W swojej drugiej walce dla organizacji ACB, Piotr Strus przegrał na kartach sędziowskich z Mikhailem Kolobegovem. Polak tuż po starciu nie krył rozżalenia werdyktem i postanowił złożyć protest w sprawie wyniku.
Dziś w programie “Klatka po klatce” poinformowano, że protest ten został odrzucony, ponieważ zdanie ACB skład sędziowski nie popełnił błędów proceduralnych.
Co ciekawe, w programie powiedziano również, iż od teraz zawodnicy walczący dla ACB nie będą mogli odwoływać się od decyzji sędziów punktowych, a jakiekolwiek kontrowersje będą rozstrzygane przez pion sportowy organizacji tylko w przypadku błędów proceduralnych.
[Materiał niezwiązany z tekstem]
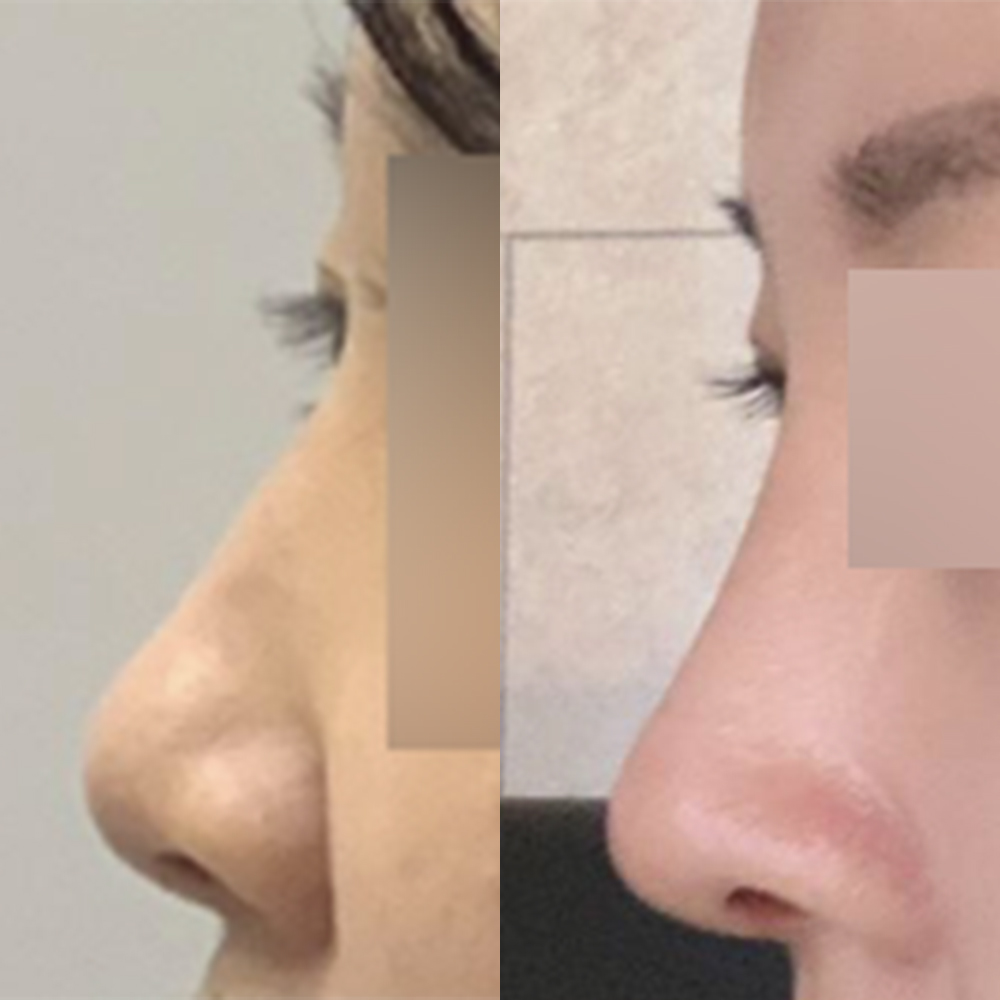 Mình đã phẫu thuật mũi lần đầu!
Jak udało się dowiedzieć naszej redakcji, wszystkich pięciu sędziów, którzy oceniali ponownie walkę Piotra Strusa z Mikhailem Kolobegovem dla organizacji ACB, wskazało zwycięstwo Polaka. Czekamy na komentarz organizatora w tej sprawie.
Piotr Strus skomentował odrzucenie protestu za pośrednictwem Twittera.
Jestem zawiedziony odrzuceniem przez ACB protestu dot. werdyktu walki na ACB 61, mimo jednoznacznej opinii zatrudnionych do oceny sędziów.
— Piotr Strus (@strusp) June 27, 2017
UPDATE:
Według Artura Mazura ACB ponownie rozpatrzyło protest Strusa i ostatecznie zmieniono wynik walki na NO CONTEST.
Krótko: @strusp złożył protest, @ACB_League go odrzuciła, zawodnik się odwołał ponownie i ostatecznie walka z Kołobegowem zmieniona na NC
— Artur Mazur (@Art_Mazur) June 27, 2017
pierwsza rysa w związku ACB- Strus. Strus na znak protestu już nigdy nie zapuści brody;-)
Ja to widzę tak. Piotrek w KSW nie swiecil. Remisowal. Poszedł do Acb wygrał w zastępstwie. Dostał kolejna walkę. Wygrał decyzja. Więc go przekrecili, a świadczy o tym to że olali punktacje sędziów którym zapłacili za ocenę tej walki. Co mieliby zyskać? Dużo. Bo wyobraźcie sobie ze po tej wygranej "przegranej" walce Piotrek wygrywa jeszcze jedna i domaga się walki o pas po 3 wygranych w acb. Iii wygrywa walkę o pas zostając mistrzem Acb. I jak to kurwa wygląda, że ogon lub sredniak KSW zostaje mistrzem ACB. To po prostu zabieg "chroniący" pozycje i reputację ACB. Pewnie nawet się nie spodziewali że wygra w debiucie, a o tym że nie przegra kolejnej walki nawet nie śnili. Tyle w temacie.